◆ Short web captions ◆
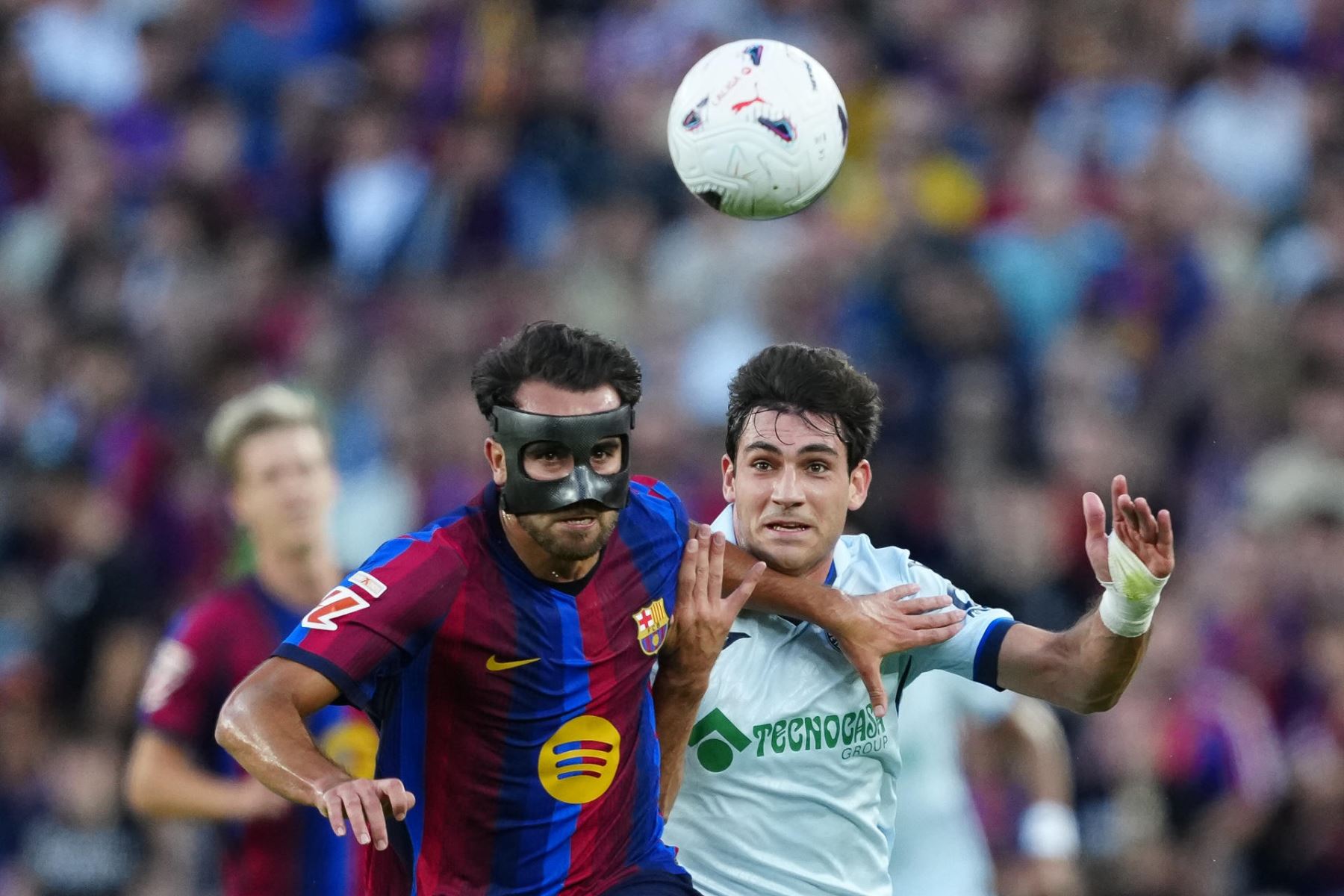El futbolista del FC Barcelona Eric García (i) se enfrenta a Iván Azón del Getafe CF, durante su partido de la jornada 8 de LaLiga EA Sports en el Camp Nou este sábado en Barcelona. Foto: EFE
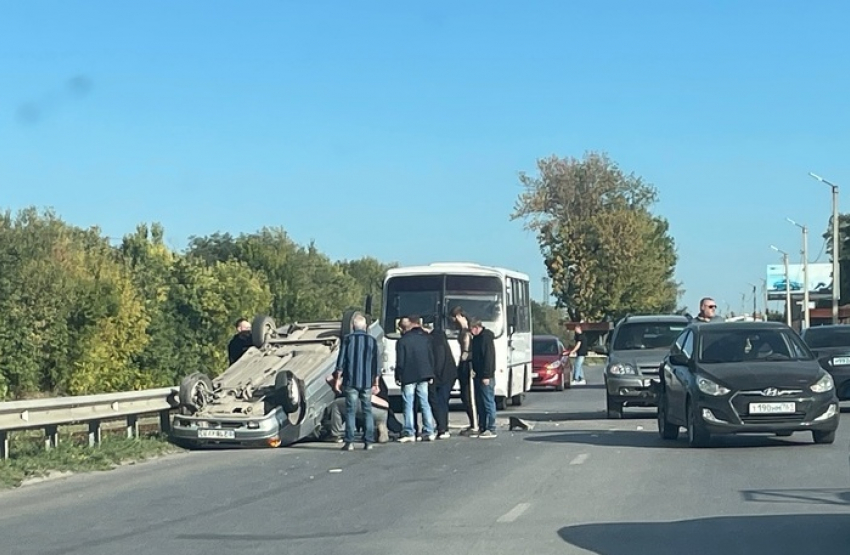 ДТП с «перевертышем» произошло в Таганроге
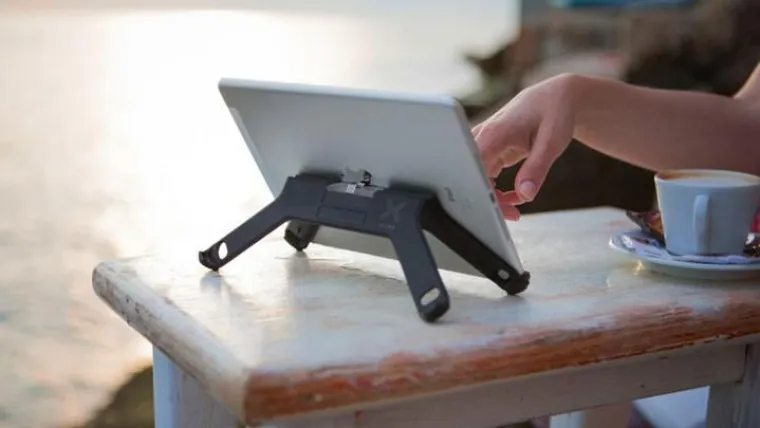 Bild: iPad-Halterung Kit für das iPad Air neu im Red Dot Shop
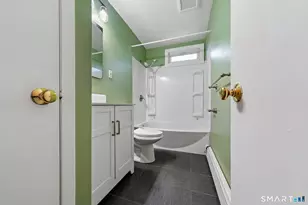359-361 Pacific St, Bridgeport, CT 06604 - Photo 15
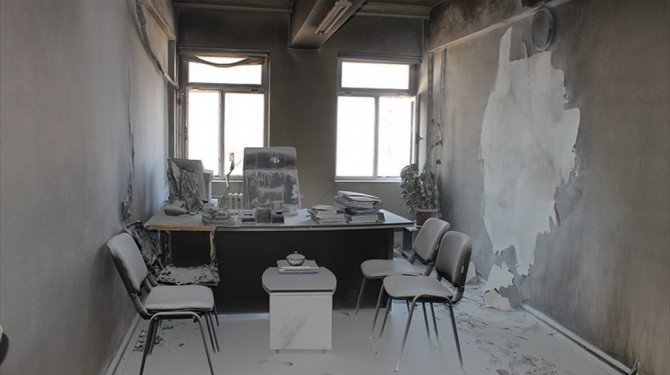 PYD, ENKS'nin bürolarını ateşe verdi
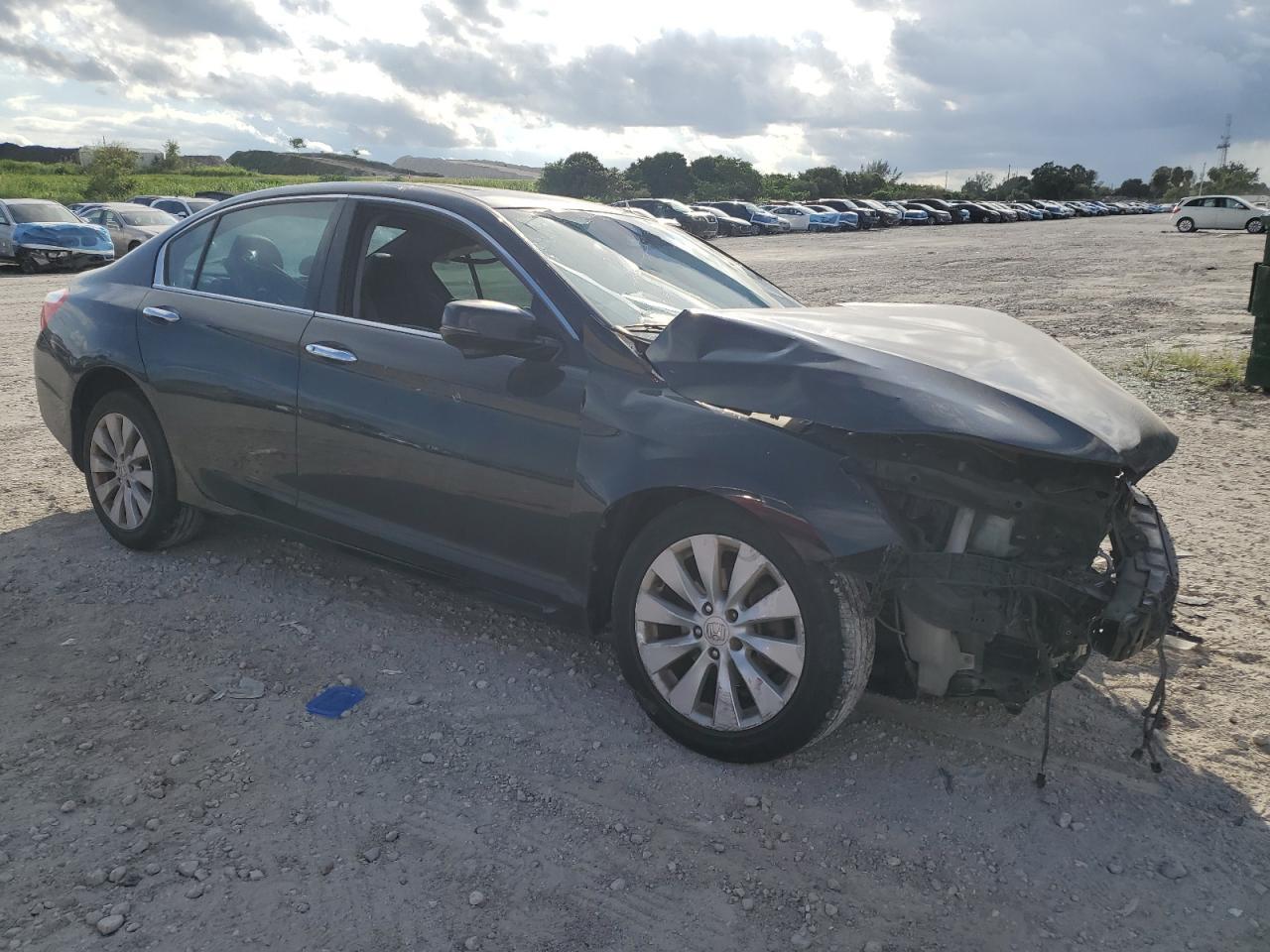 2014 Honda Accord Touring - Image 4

◆ TASK DESCRIPTION ◆
Output a verbatim copy of the lines from the line containing "PYD, ENKS'nin bürolarını ateşe verdi" through the end of the data, both included, without any images.

◆ RESPONSE AREA ◆
 PYD, ENKS'nin bürolarını ateşe verdi
 2014 Honda Accord Touring - Image 4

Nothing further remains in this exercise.